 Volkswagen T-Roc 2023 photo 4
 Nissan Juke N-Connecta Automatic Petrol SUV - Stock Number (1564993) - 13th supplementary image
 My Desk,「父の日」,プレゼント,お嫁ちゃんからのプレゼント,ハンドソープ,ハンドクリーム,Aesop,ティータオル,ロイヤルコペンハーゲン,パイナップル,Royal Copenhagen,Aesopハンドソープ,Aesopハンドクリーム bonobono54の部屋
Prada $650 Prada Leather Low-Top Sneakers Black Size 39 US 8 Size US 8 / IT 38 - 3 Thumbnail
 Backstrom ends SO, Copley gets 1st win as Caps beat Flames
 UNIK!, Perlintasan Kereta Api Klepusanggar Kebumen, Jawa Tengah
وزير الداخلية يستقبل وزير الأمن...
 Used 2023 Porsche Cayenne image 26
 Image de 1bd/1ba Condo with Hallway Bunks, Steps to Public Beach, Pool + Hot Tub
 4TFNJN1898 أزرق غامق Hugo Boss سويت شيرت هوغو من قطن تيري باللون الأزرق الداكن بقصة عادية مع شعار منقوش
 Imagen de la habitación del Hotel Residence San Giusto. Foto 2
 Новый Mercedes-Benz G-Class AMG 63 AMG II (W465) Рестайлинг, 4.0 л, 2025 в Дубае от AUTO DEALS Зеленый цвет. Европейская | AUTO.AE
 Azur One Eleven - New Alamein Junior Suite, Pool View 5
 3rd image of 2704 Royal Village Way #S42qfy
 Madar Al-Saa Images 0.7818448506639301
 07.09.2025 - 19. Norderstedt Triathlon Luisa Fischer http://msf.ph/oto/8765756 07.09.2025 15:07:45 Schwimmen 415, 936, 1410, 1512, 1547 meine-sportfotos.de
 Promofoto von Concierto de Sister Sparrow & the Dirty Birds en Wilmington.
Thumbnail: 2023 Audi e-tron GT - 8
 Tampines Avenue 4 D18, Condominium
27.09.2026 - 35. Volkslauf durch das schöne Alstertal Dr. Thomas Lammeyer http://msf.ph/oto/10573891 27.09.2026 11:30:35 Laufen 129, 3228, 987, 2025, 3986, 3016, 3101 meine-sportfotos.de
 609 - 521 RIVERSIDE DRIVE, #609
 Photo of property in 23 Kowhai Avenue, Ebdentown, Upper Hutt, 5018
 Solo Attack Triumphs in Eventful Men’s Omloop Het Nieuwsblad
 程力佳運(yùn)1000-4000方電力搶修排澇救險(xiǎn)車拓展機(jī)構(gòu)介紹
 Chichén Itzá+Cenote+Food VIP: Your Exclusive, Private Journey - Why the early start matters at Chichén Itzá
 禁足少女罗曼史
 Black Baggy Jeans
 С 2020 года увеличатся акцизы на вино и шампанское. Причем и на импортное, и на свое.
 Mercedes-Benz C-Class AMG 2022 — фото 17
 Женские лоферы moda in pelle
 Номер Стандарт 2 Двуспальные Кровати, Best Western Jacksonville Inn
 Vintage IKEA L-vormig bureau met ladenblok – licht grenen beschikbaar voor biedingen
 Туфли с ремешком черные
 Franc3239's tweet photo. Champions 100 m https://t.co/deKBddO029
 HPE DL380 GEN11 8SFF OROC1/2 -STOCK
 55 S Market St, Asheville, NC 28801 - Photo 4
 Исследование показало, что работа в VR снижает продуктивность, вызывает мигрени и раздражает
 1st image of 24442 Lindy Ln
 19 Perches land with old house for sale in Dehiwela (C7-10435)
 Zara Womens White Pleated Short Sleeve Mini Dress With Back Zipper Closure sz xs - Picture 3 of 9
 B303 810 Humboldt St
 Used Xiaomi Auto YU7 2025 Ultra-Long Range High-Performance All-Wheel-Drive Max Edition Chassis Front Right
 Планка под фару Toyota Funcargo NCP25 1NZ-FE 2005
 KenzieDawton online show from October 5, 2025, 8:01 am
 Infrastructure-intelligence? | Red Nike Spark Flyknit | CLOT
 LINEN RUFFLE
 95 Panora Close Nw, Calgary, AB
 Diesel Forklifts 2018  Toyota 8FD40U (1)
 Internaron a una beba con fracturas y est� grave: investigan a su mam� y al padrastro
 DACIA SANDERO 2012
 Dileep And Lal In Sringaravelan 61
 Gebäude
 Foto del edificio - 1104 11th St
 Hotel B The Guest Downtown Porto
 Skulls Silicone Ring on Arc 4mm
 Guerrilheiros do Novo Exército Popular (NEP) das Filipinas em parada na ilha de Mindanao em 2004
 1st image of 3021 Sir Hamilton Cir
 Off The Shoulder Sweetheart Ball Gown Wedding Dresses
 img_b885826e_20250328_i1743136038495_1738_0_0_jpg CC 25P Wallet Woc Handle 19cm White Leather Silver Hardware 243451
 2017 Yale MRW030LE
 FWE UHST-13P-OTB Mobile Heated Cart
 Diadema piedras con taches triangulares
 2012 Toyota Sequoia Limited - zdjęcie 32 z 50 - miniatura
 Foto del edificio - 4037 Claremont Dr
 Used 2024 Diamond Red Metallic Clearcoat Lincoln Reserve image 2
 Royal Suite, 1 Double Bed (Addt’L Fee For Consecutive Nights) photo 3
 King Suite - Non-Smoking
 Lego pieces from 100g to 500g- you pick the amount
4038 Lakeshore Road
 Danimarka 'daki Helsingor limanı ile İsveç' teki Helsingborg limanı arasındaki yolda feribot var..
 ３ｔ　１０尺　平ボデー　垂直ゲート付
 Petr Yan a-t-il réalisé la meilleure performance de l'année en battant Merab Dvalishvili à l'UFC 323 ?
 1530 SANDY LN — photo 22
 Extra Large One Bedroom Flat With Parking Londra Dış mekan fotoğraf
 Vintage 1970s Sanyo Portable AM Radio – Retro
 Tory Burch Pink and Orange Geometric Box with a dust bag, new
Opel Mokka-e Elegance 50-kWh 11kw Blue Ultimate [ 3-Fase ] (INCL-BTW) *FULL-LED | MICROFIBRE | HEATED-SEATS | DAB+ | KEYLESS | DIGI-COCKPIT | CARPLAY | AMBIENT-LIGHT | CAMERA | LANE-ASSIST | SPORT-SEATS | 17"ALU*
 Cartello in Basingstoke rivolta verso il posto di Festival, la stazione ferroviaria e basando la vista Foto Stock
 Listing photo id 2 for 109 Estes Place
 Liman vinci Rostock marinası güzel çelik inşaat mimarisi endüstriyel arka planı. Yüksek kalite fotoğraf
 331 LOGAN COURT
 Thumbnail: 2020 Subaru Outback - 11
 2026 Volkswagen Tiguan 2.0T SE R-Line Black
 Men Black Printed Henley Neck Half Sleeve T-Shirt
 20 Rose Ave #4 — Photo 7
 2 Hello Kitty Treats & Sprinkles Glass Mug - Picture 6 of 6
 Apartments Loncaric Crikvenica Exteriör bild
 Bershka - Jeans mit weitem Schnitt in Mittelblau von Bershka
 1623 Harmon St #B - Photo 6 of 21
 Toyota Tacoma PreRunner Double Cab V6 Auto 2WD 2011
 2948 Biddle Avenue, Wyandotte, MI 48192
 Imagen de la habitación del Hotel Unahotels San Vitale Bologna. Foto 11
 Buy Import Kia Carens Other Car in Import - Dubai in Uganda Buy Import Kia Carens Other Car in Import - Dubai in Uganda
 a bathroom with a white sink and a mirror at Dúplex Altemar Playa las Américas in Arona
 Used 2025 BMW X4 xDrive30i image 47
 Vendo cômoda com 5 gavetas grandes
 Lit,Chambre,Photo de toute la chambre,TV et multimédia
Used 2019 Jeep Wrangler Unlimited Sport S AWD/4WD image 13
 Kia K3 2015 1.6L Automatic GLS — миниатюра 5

**Task prompt**:
Take the entries above and return only the lines from the one with "4038 Lakeshore Road" to the one with "1623 Harmon St #B - Photo 6 of 21", both included, unchanged.

**Response**:
4038 Lakeshore Road
 Danimarka 'daki Helsingor limanı ile İsveç' teki Helsingborg limanı arasındaki yolda feribot var..
 ３ｔ　１０尺　平ボデー　垂直ゲート付
 Petr Yan a-t-il réalisé la meilleure performance de l'année en battant Merab Dvalishvili à l'UFC 323 ?
 1530 SANDY LN — photo 22
 Extra Large One Bedroom Flat With Parking Londra Dış mekan fotoğraf
 Vintage 1970s Sanyo Portable AM Radio – Retro
 Tory Burch Pink and Orange Geometric Box with a dust bag, new
Opel Mokka-e Elegance 50-kWh 11kw Blue Ultimate [ 3-Fase ] (INCL-BTW) *FULL-LED | MICROFIBRE | HEATED-SEATS | DAB+ | KEYLESS | DIGI-COCKPIT | CARPLAY | AMBIENT-LIGHT | CAMERA | LANE-ASSIST | SPORT-SEATS | 17"ALU*
 Cartello in Basingstoke rivolta verso il posto di Festival, la stazione ferroviaria e basando la vista Foto Stock
 Listing photo id 2 for 109 Estes Place
 Liman vinci Rostock marinası güzel çelik inşaat mimarisi endüstriyel arka planı. Yüksek kalite fotoğraf
 331 LOGAN COURT
 Thumbnail: 2020 Subaru Outback - 11
 2026 Volkswagen Tiguan 2.0T SE R-Line Black
 Men Black Printed Henley Neck Half Sleeve T-Shirt
 20 Rose Ave #4 — Photo 7
 2 Hello Kitty Treats & Sprinkles Glass Mug - Picture 6 of 6
 Apartments Loncaric Crikvenica Exteriör bild
 Bershka - Jeans mit weitem Schnitt in Mittelblau von Bershka
 1623 Harmon St #B - Photo 6 of 21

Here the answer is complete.